● **Your goal**: Copy out the entries below exactly as they stand, but only from the line containing "Invitación Ducha nupcial" through the line containing "Tất Dài Trong".

- Opening Delimiter -

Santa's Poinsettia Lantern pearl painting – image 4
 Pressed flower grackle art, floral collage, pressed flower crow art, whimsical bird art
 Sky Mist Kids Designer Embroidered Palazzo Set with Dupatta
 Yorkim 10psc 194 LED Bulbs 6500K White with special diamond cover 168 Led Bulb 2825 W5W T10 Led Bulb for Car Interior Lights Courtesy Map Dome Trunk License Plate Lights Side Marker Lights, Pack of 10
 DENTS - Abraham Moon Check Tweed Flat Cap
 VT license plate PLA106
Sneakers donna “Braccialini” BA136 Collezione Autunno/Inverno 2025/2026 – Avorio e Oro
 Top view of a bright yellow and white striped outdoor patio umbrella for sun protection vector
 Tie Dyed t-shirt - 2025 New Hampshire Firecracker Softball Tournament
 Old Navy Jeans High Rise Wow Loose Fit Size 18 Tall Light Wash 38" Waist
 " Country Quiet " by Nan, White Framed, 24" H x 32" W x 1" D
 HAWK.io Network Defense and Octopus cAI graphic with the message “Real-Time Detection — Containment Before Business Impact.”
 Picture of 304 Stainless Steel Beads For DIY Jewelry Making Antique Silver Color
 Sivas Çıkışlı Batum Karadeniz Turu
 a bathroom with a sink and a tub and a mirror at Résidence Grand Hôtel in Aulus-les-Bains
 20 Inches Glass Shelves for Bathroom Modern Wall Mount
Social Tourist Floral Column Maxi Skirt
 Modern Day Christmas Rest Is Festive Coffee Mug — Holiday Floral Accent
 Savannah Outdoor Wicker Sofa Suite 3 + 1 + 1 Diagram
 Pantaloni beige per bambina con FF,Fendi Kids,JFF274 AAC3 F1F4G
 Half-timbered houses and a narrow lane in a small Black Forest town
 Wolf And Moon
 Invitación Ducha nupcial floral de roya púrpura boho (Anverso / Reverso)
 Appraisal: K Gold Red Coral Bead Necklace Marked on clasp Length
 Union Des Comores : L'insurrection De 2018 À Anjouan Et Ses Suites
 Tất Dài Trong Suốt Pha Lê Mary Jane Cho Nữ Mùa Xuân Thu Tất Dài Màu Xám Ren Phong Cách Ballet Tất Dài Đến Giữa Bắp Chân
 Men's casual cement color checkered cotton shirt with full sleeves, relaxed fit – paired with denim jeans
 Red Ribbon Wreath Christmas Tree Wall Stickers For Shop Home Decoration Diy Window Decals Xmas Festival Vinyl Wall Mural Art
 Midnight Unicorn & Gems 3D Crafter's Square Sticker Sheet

- Closing Delimiter -

● **Solution for this task**:
 Invitación Ducha nupcial floral de roya púrpura boho (Anverso / Reverso)
 Appraisal: K Gold Red Coral Bead Necklace Marked on clasp Length
 Union Des Comores : L'insurrection De 2018 À Anjouan Et Ses Suites
 Tất Dài Trong Suốt Pha Lê Mary Jane Cho Nữ Mùa Xuân Thu Tất Dài Màu Xám Ren Phong Cách Ballet Tất Dài Đến Giữa Bắp Chân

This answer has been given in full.